LONDON - Indian shares vaulted over 17 percent on Monday after elections returned the country's ruling coalition with a stronger mandate, boosting an otherwise lacklustre session that saw investors fretting about the strength of the global recovery.

Emerging sovereign spreads 11EMJ widened above 500 basis points as increased supply pressured prices while Russian equities sank on a sell-off triggered by easing oil prices.

The emerging equities benchmark .MSCIEF was up 1.3 percent by 1040 GMT, driven by the massive 17.3 percent surge in Indian shares .BSESN following elections results which cemented the hold of the ruling Congress party.

A victory for the Congress has raised investor hopes for a strong government able to push through reforms in the banking and insurance sectors as well as move ahead on privatisations.

India's biggest single-day share gain in almost two decades triggered circuit breakers that halted trade twice in a session that ended earlier and pushed the rupee up more than 3 percent to five-month highs versus the dollar.

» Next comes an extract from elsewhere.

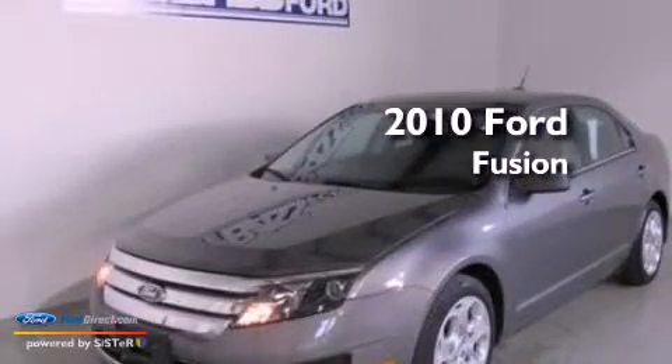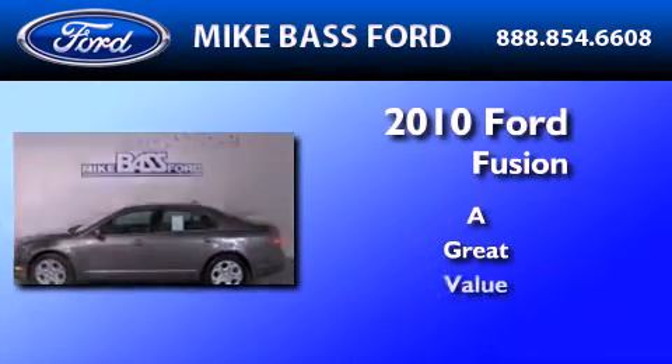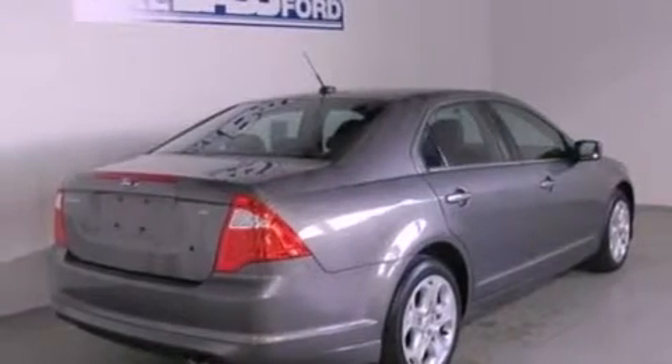This is a 2010 Ford Fusion. Its top features include a double wishbone independent front suspension, a low tire pressure indicator, traction control and stability control systems, and satellite radio.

Elsewhere, the mood was sober with emerging European equities .MIEE00000PUS down over 1 percent.

Hopes of a global economic recovery drove markets higher for nine weeks in a row but last week's first-quarter economic data from eastern and central Europe have tempered expectations.

"We don't have a lot of data (this week so) there also may be a lot of indigestion about," said Nigel Rendell, emerging markets strategist at Royal Bank of Canada.

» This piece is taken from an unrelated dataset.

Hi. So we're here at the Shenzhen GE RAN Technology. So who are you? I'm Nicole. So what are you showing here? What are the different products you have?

"The markets are now obviously a little bit more expensive than March."

What little data that was seen early in the day proved fairly downbeat.

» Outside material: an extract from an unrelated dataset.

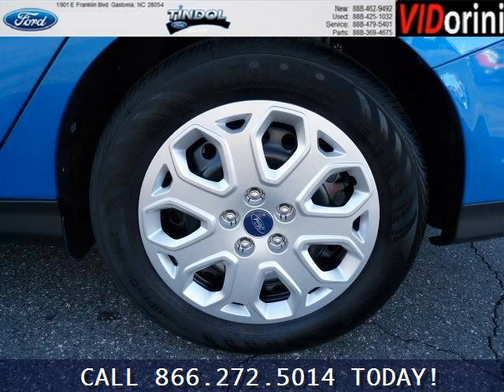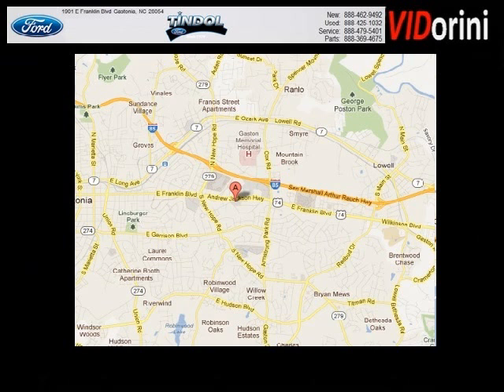Come in today and take a look for yourself. Tyndall Ford is the dealership for you, conveniently located in Gastonia, North Carolina off of East Franklin Boulevard.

Russian industrial output fell by a record 16.9 percent in April, larger than consensus forecasts, helping to fuel a sell-off triggered off by weakening oil prices.

Shares on the country's dollar-denominated RTS Index and the rouble-denominated index , which scaled seven-month highs last week, were down some 2 percent.

The rouble held firm against its euro-dollar basket after recent gains that saw the unit rise to fresh four-month highs against the greenback despite recent interest rate cuts.

"We retain our generally negative rouble outlook as we believe current optimism is overdone and that politically further strength is not welcome. Note that import substitution has become a key part of the government's approach to the crisis and a stronger currency (which makes imports cheaper) is detrimental to this policy," Beat Siegenthaler, TD Securities chief emerging markets strategist, said in a client note.

Meanwhile, emerging sovereign debt prices remain under pressure from the recent slew of new issues, sinking after recovering to early October levels.

Last week, Slovakia secured 2 billion euros with a bond issue that was twice the size originally envisaged.

JPMorgan's Emerging Markets Bond Index 11EMJ was 3 basis points higher to trade at 503 bps above U.S. Treasuries.